22 Eylül 1996
27 Haziran 1993 tarihinde olağan olarak toplanan kurultayımızdan sonra 12.12.1993’te Milletvekilliği genel seçimi ve Nisan 1995’te Cumhurbaşkanlığı seçimi yapıldı. Ama UBP’nin parçalanması ve Rauf R. Denktaş’ın oğlu Serdar Denktaş’ın istikbalinin nasıl garanti altına alacağına bir başka temel işlev oldu.
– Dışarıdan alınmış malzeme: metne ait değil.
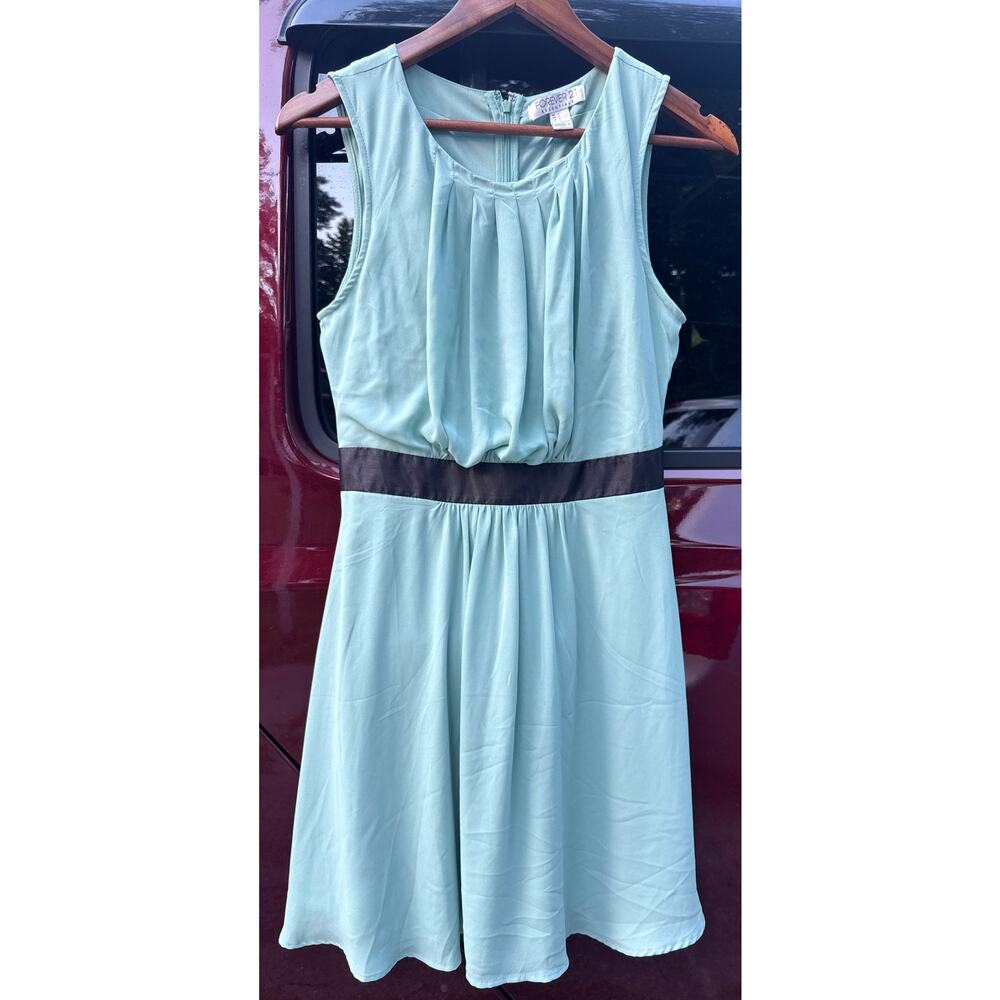 SPECIAL PRICE:‎ Mint Green Chiffon Tank Dress, S - NWT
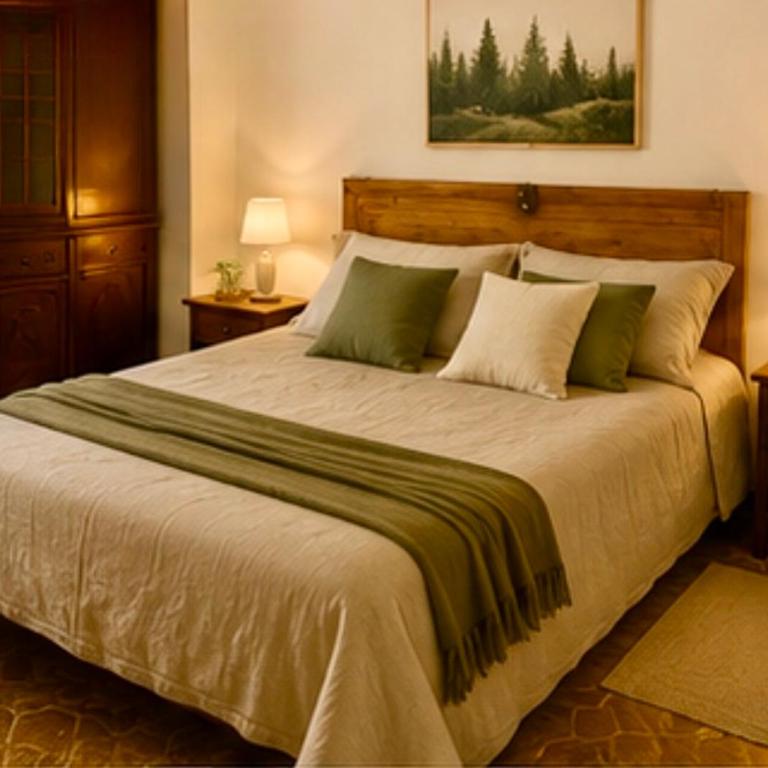 La casetta nel verde in città - Two-Bedroom Apartment - 9
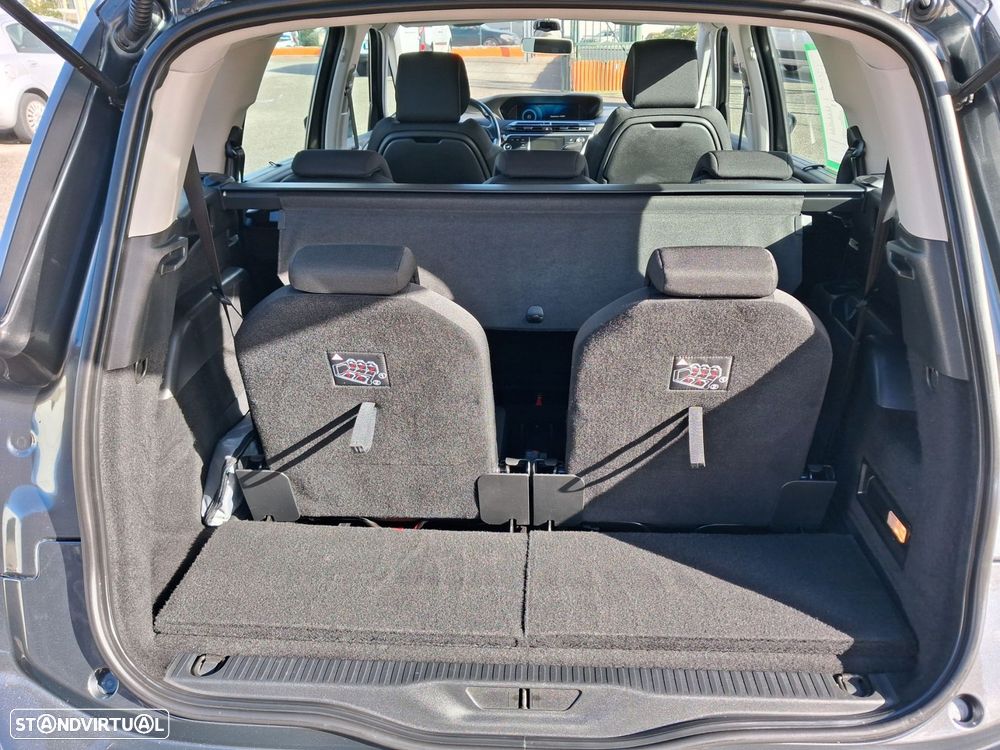 Citroën C4 Grand Picasso 1.6 e-HDi Exclusive - 12
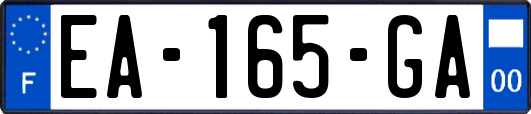 EA-165-GA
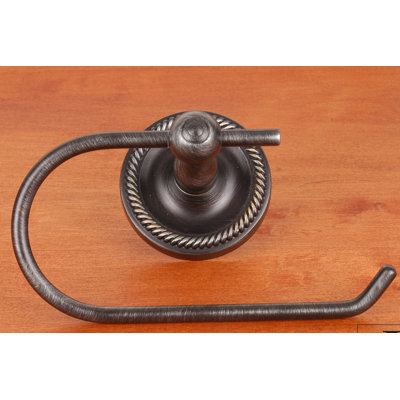Porte-papier hygiénique pour base corde à fixation murale RB Series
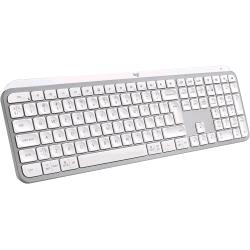 MX Keys S - Pale Grey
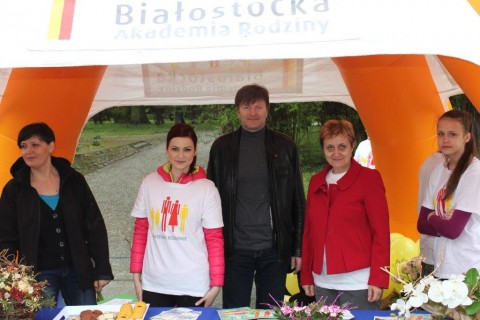 Festyn spółki „Lech”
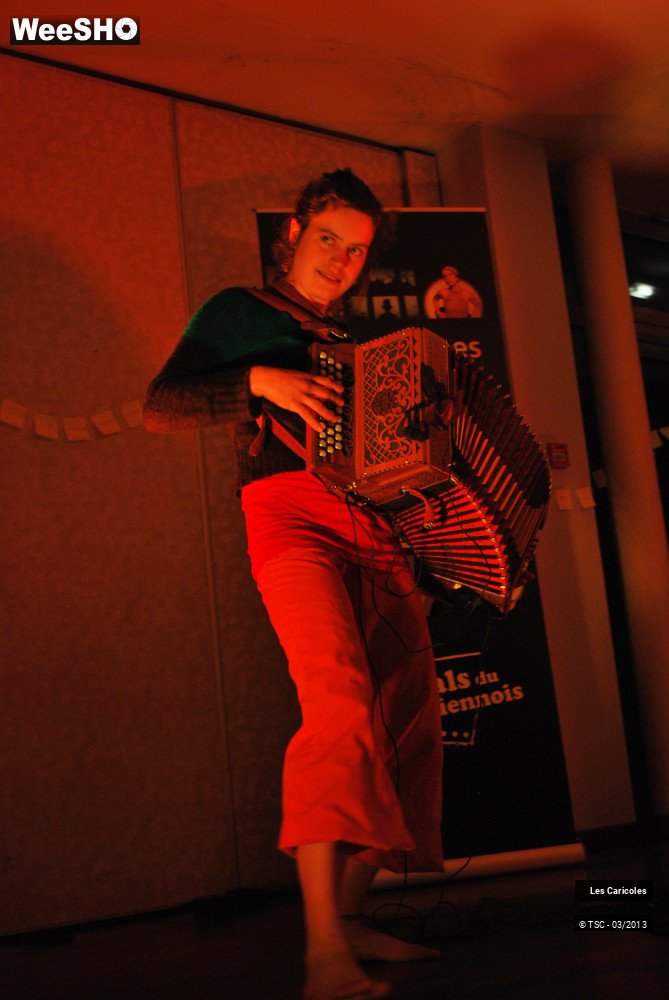 18/19 photos du spectacle Les Caricoles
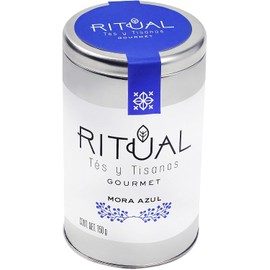 Tisana de Mora Azul Ritual Gourmet 150g – Infusión Frutal Orgánica y Nutritiva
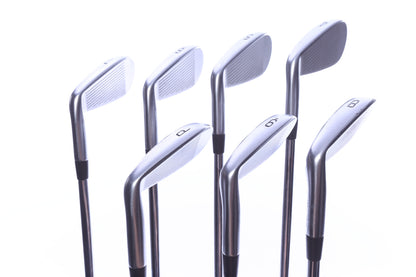 Used Mizuno JPX 921 Forged Iron Set - Right-Handed - 4-PW - Stiff Flex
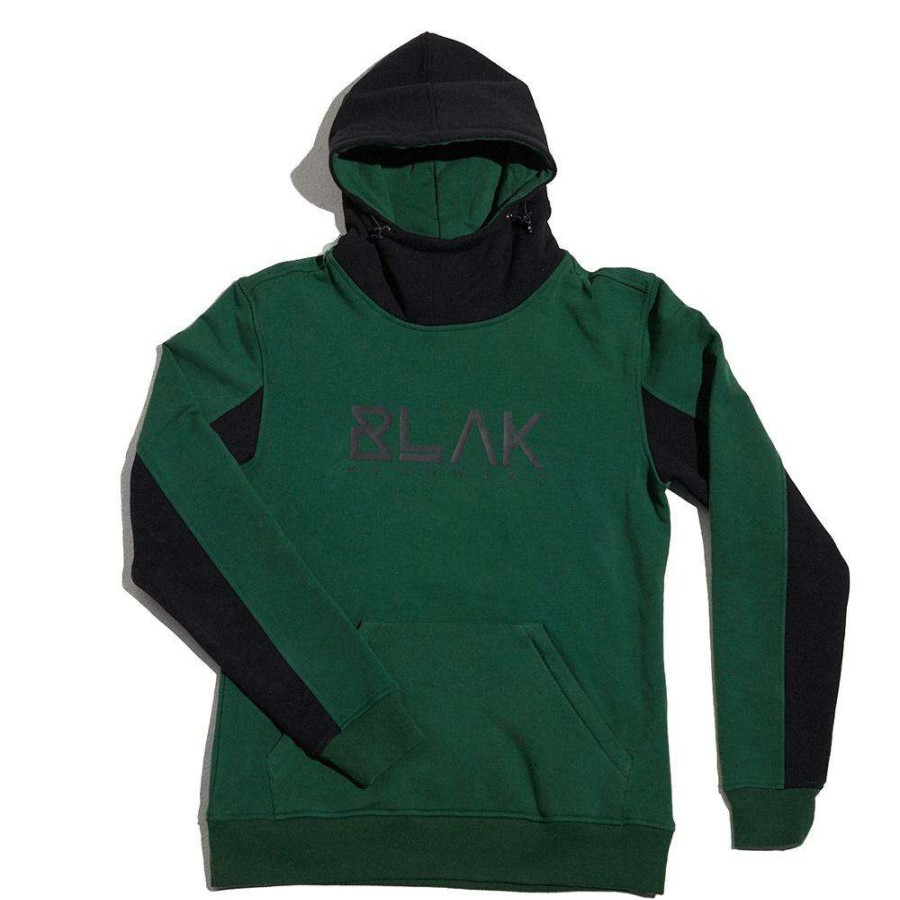 Apparel * | Blak Spono Dwr Hoodie 2020 Quick Expedition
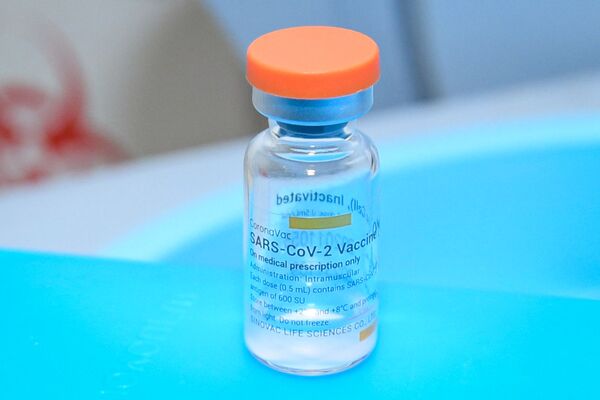 Вакцинация от коронавируса в Азербайджане - Sputnik Азербайджан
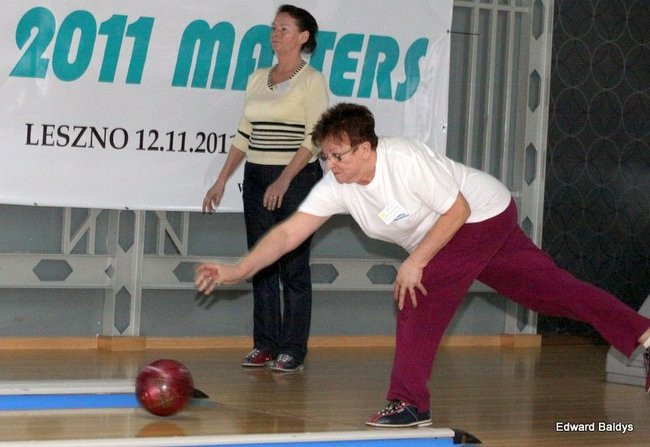 Turniej bowlingu UTW w Lesznie (zdjęcia)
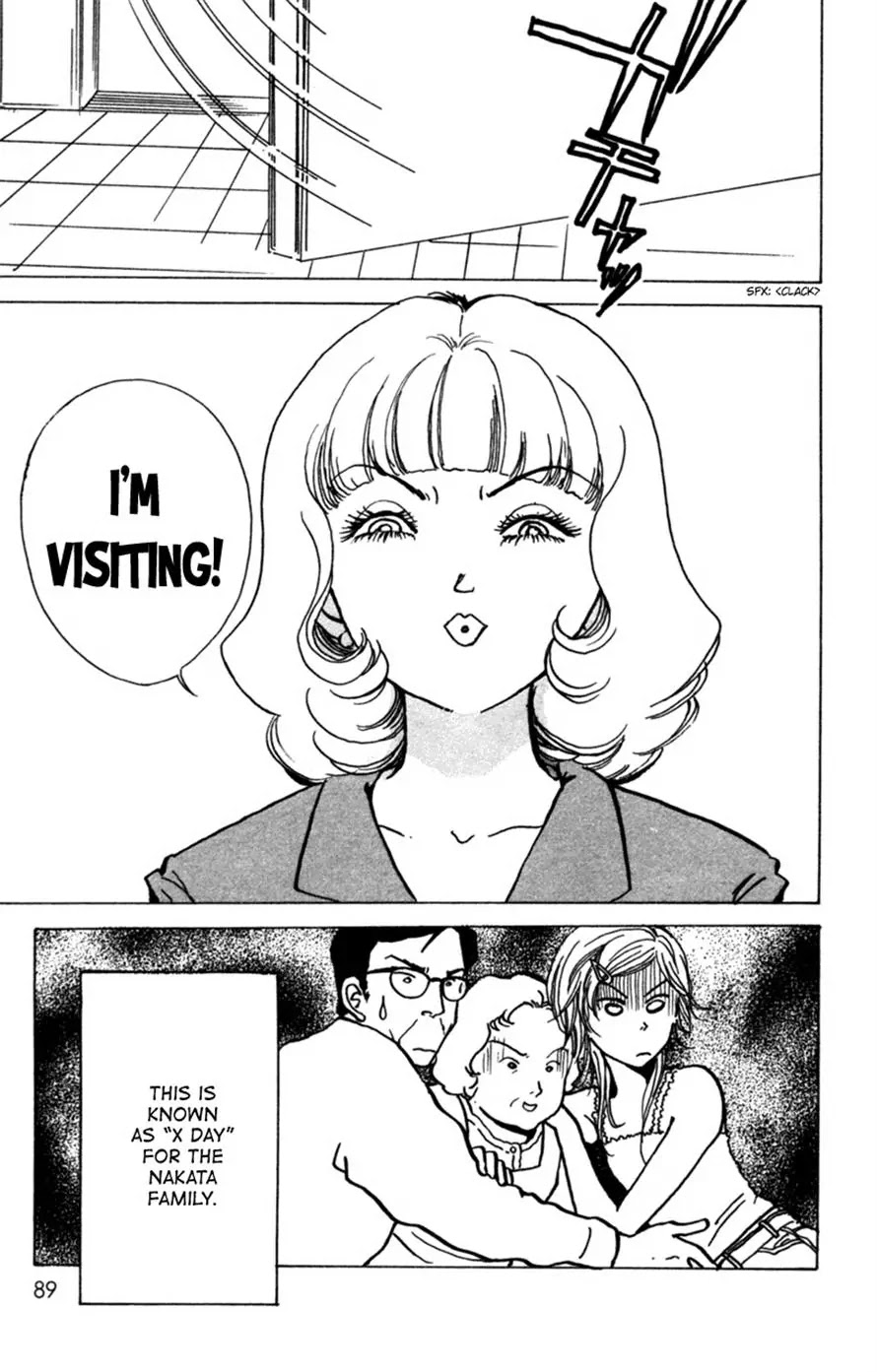 Seigi no Mikata Chapter 8 page 6 - Chapter 8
UBP’nin Denktaş’a tahammül ettikten başka bir de oğullarına tahammül etmesi ve üstelik tüm vurgun, soygun ve çöküntünün sorumluluğundan Denktaş ailesini koruması, kendi üstüne alması mümkün olamadı. Ama CTP’nin soldan savrulmak yüzünden Denktaş’ı bırakalım, UBP’yi hedef alalım politikası Denktaş’ın etkinliğinin kırılmasının, meclisi kontrol etmesine olanak vererek yok etti. Meclisteki 15 sandalye ile dilediği gibi hareket edebildi. UBP’de muhalefette olmasına karşın, Türkiye’nin Kıbrıs’taki organlarının onayladığı politikalara omuz verdi ve CTP’nin hükümette olması sadece bazı CTP’lilerin mevkiler kazanmasına yaradı.
Durumun farkında olan CTP, “demokrasi yolunda ilerleme oldu, şimdi rahat konuşuluyor” demekten başka bir savunma yapamadı. BRT demokratikleşti iddialarını da uzun sürdüremedi. İki bombalama ve bir siyasi cinayetin de olduğu bir zamanda St. Barnabas ve DAÜ öğrencilerinin hudut dışı edilmeleri olayları YKP’nin gerçek hükümet dururken ön planda durup esas yetkilileri gizlemekten başka sonuç elde edemezler iddiasını kanıtladılar.
Kurultayımızın ikinci olağan toplantısın da –“diyebiliriz ki iktidar olmak isteyen ve bunu açıklayan yalnızca YKP’dir. Diğerleri iktidar olmak değil mevcut durumdan yararlanmak istemektedirler.”
Tespitini yapmıştı. CTP hükümete girdikten sonra “biz iktidar değil hükümet ortağı olduk.” Diye mazeretler üretirken bu tespitin doğruluğunu tasdik ediyordu.
YKP dışındaki partiler, iktidar olmayı değil durumdan yararlanmayı, bunun için de her türlü reklam ve aldatmacayı sürdürmeyi seçtiler. Ama oyunun ustası Denktaş hep olduğu gibi Türkiye’den bazı güçlerin de desteğiyle onları kontrol etmeyi başardı.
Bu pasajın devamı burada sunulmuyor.